Sales prices in the Bronx have been rising steadily, and with the exception of a post-financial crisis dip, in the past several years that trend has accelerated (Chart 1). When UNHP first studied the possibility of speculation in 2003, we recommended that banks establish protocols to monitor the physical and financial needs of the buildings in their loan portfolio. As a result, UNHP developed the Building Indicator Project (BIP), a database that identifies NYC multifamily properties in physical and/or financial distress. The BIP database features a specially designed formula using housing and building code violations, various city liens, and other building information to create a weighted scoring system to indicate distress. It seems clear that some of the distress factors used in the BIP should be examined more closely in the appraisal process on new loans to ensure that more of the physical problems are factored into the building’s value.

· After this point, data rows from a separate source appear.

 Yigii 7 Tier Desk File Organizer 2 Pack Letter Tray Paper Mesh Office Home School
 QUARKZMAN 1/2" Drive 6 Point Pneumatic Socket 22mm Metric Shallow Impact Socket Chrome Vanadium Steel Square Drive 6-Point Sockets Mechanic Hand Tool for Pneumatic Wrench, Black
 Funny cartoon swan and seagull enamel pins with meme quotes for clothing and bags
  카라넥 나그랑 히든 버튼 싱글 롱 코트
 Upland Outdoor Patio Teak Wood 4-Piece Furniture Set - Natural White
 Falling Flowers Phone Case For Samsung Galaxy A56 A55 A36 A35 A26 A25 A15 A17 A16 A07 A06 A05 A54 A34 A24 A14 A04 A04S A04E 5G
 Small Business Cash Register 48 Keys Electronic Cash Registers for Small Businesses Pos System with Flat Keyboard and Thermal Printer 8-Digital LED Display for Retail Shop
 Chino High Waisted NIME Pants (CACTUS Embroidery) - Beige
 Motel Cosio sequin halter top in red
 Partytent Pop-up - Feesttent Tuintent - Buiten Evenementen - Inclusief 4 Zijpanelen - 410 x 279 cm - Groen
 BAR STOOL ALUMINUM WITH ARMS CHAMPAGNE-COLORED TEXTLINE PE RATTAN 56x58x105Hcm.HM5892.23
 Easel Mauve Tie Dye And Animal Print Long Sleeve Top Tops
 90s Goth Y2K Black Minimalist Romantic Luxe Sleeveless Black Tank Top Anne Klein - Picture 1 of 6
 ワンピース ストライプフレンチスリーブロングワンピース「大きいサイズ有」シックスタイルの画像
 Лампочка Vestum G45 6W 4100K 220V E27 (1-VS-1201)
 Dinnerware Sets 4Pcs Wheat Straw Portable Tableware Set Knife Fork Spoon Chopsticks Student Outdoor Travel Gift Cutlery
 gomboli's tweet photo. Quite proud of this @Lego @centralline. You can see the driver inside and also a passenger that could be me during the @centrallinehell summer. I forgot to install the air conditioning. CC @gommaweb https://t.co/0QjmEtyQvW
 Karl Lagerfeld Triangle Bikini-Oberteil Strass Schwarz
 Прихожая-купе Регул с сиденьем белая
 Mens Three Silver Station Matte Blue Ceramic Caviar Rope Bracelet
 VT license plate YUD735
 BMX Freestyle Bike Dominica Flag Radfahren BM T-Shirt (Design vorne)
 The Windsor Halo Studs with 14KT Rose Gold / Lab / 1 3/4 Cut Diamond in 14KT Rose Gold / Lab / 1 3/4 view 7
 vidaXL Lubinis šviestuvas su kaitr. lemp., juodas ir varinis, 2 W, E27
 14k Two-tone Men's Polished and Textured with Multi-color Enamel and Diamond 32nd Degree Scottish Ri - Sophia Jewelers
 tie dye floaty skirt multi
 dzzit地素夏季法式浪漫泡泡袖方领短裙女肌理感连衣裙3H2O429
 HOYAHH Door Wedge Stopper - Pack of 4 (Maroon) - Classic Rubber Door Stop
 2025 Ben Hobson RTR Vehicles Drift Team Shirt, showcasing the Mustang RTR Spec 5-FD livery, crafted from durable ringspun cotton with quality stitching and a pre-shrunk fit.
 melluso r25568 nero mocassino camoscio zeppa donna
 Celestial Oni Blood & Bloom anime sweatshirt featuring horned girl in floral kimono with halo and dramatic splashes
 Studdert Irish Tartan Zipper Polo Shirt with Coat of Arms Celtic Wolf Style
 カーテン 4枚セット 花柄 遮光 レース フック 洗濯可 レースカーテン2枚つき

A review of twelve recent set-up sheets on Bronx buildings listed for sale indicates that the sharp upward trend in sales values is continuing. A review of the BIP data on these twelve buildings indicated that the physical condition of the buildings does not impact the asking price (Chart 2). This data supports the suspicion that prices have little to do with the quality of the building and more to do with the comparable sales of other buildings. It has been a tenet of UNHP’s agenda with lenders that the bank should take into account the physical needs of the building over time as they underwrite loans and should require that an owner put a portion the loan proceeds back into the building.
Soaring sales prices and inflated mortgages spell bad news for the neighborhoods of the Bronx. They contribute to the destabilization of buildings, as owners find themselves strapped for cash to properly maintain buildings. They create conditions for owners to employ strategies to drive up rents, and encourage owners to look to increase cash flow by making vacant apartments available to public programs that provide the landlord with higher-than-market rents. Owners may also allow building conditions to deteriorate to the point that tenants feel compelled to move, thereby allowing owners to take vacancy rent increases on those apartments.
Appraisals are far from inconsequential—they impact the preservation of affordable privately-owned buildings—the primary source of affordable housing in the Bronx. Appraisals must look more closely at the building’s physical needs and rent information and less at the comparable recent sales. Failure to do so will result in a steady decrease in the amount of currently affordable multifamily rental housing.